Every year at this time, we look back at the year in metro New Orleans — the good, the bad and the just plain weird occurrences that make living in the Crescent City so interesting.

  Politically, 2014 was a transitional year, even though it began with a foregone conclusion: the February re-election of Mayor Mitch Landrieu, who carried nearly two-thirds of the vote against several challengers. The year ended with the defeat of the mayor's sister, U.S. Sen. Mary Landrieu. She was overwhelmed by outside money and a tsunami of anti-Barack Obama sentiment as she lost to Republican U.S. Rep. Bill Cassidy. The two Landrieu elections further cemented New Orleans' reputation as a bright blue Democratic outpost in a state that has trended ever more Republican red over the last few decades (see "The Year in Politics," p. 17).

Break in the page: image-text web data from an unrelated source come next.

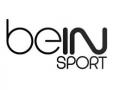 bein-sport.jpg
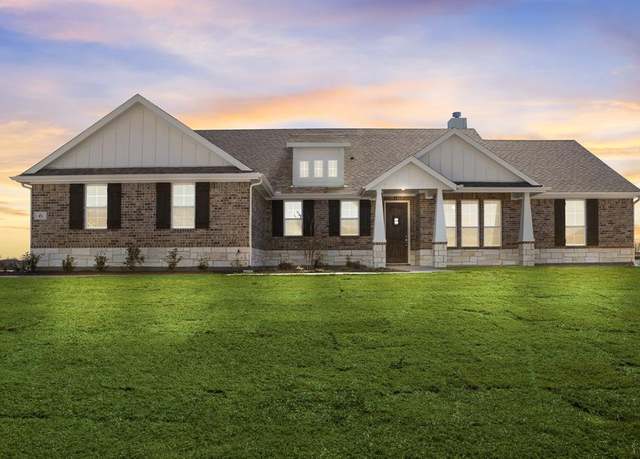 Property at 6 Ina Rd, Sherman, TX 75090, 3 beds, 2 baths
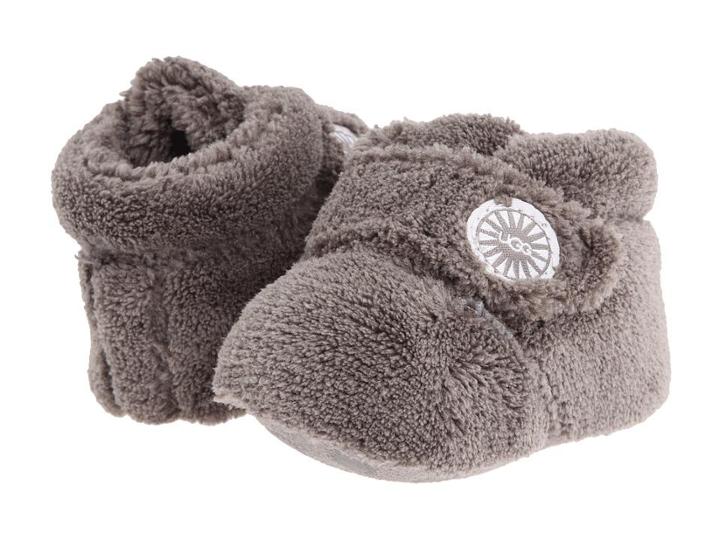 Ugg Kids Bixbee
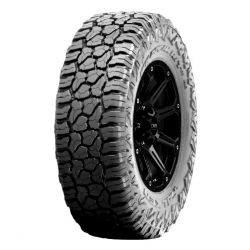 Opona Falken 265/75R16 WILDPEAK R/T01 119/116Q - falken_wildpeak_rt01.jpg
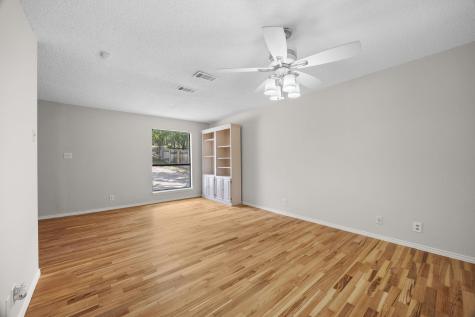 2218 Bahama Road Austin TX 78733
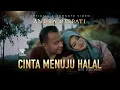 CINTA MENUJU HALAL - Andra Respati (Alternate Version)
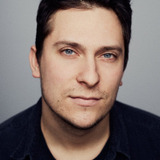 Guillaume Laurin — Nicolas Bellefleur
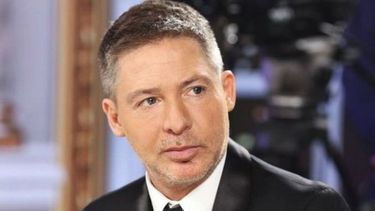 Esta nueva película de Netflix con Adrián Suar es considerada una obra maestra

  The New Orleans City Council saw a generational shift, with longtime Councilwomen Jackie Clarkson and Cynthia Hedge-Morrell defeated and three new council members elected. Jason Williams became an at-large councilman; former Civil Court Judge Nadine Ramsey took over the District C seat; and former state Rep. Jared Brossett won the District D seat. Elsewhere, Sheriff Marlin Gusman was re-elected even as his management of Orleans Parish Prison (OPP) continued to draw negative attention. As the year ended, the opening of the new OPP was postponed again — for the fourth time.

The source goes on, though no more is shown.